[Source records]
************
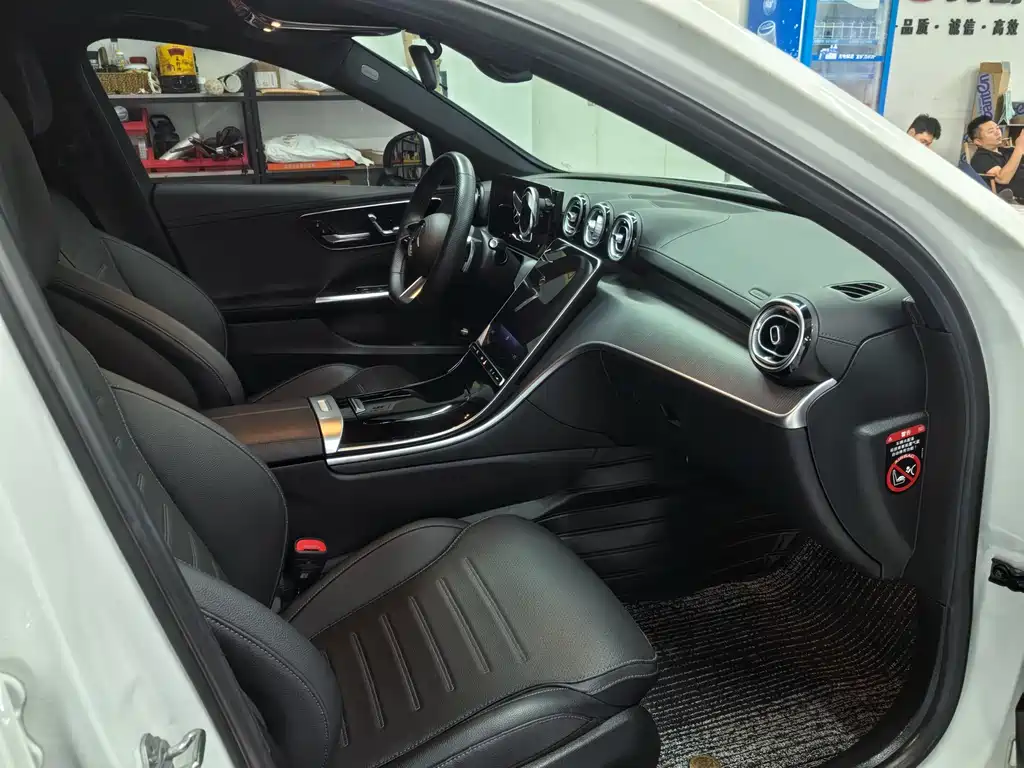 Mercedes-Benz C-Class C 260 L Sport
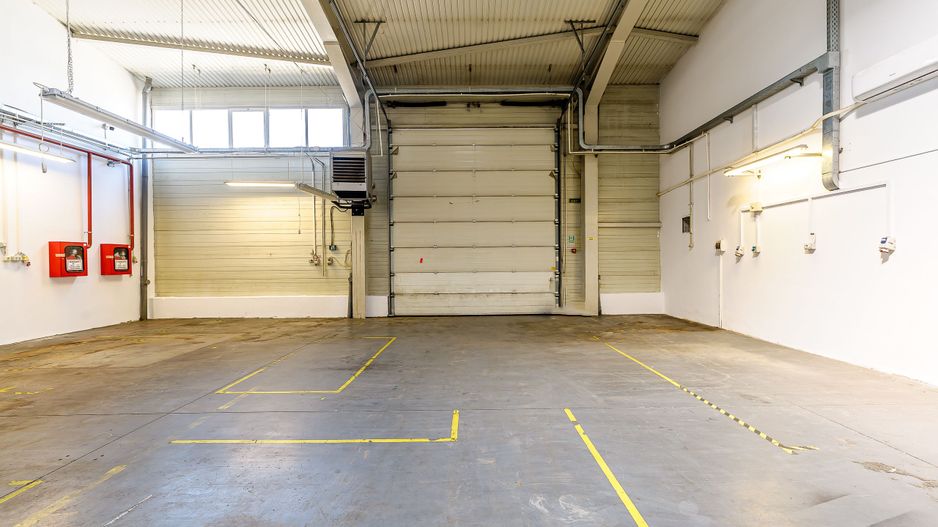 Hală industrială ideală pentru producție sau showroom în Arad 553mp - Poză 5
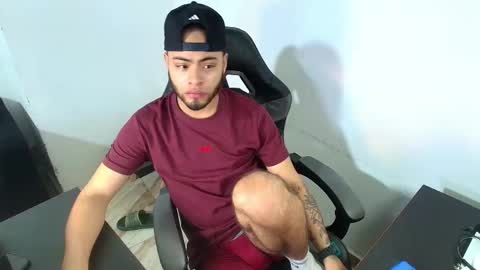 Snapshot of xanderstone00 chatting on 02-17-26, 07:09 Xanderstone online show from 02-17-26, 07:09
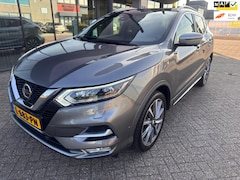 Nissan Qashqai - 1.3 DIG-T Tekna + / Pano'dak / Leder / Xenon / Camera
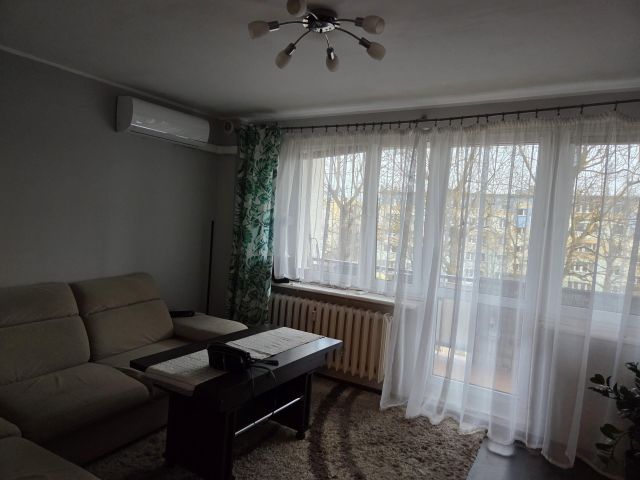 Mieszkanie 3-pokojowe Łódź Retkinia, ul. Hufcowa. Zdjęcie 1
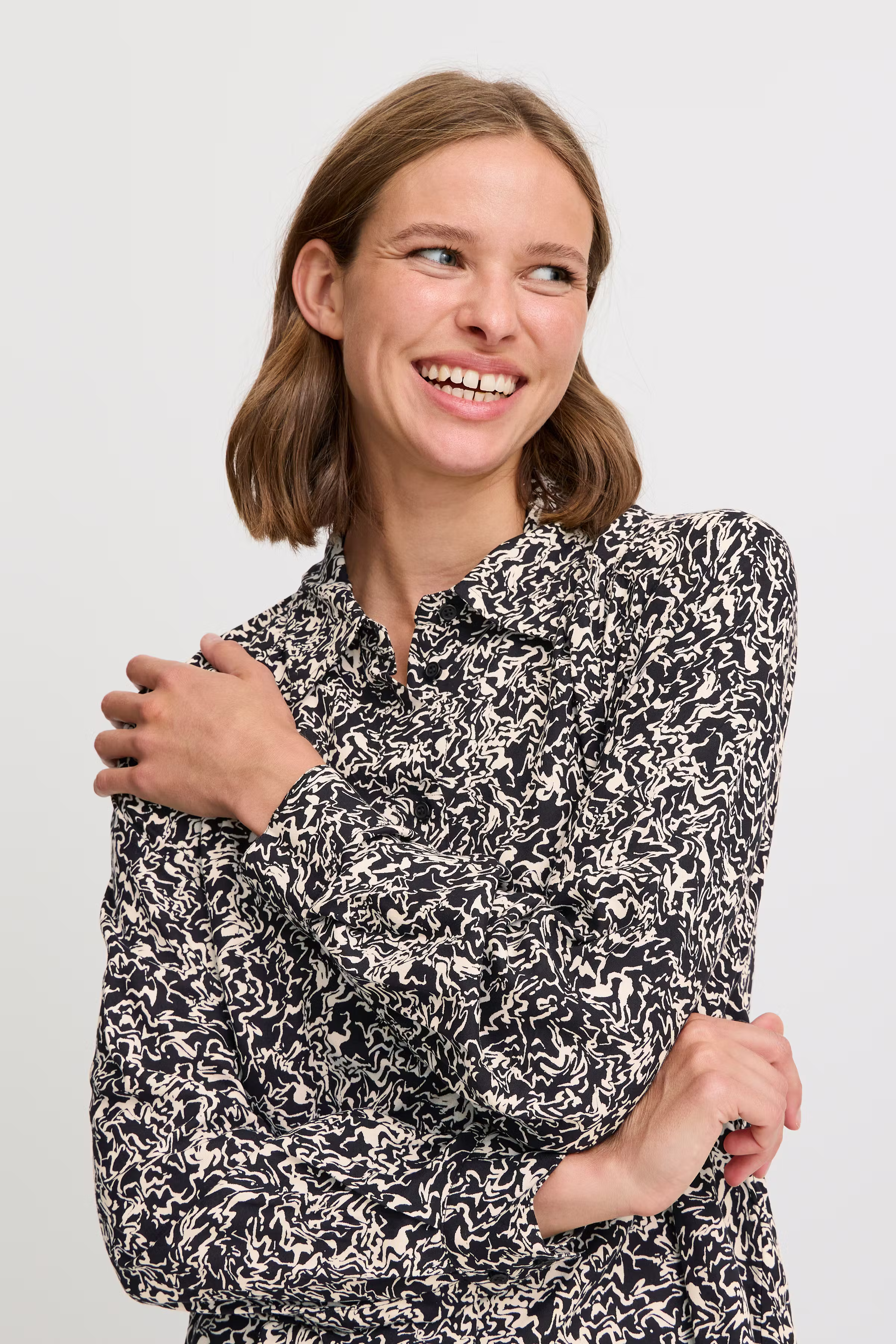 BYJOSA Hemd LOOKBOOK DETAIL 20815603-203692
************
* Work instruction *
Keeping every word as it is, write out all the data and omit the pictures.

* Result for this task *
 Mercedes-Benz C-Class C 260 L Sport
 Hală industrială ideală pentru producție sau showroom în Arad 553mp - Poză 5
 Snapshot of xanderstone00 chatting on 02-17-26, 07:09 Xanderstone online show from 02-17-26, 07:09
 Nissan Qashqai - 1.3 DIG-T Tekna + / Pano'dak / Leder / Xenon / Camera
 Mieszkanie 3-pokojowe Łódź Retkinia, ul. Hufcowa. Zdjęcie 1
 BYJOSA Hemd LOOKBOOK DETAIL 20815603-203692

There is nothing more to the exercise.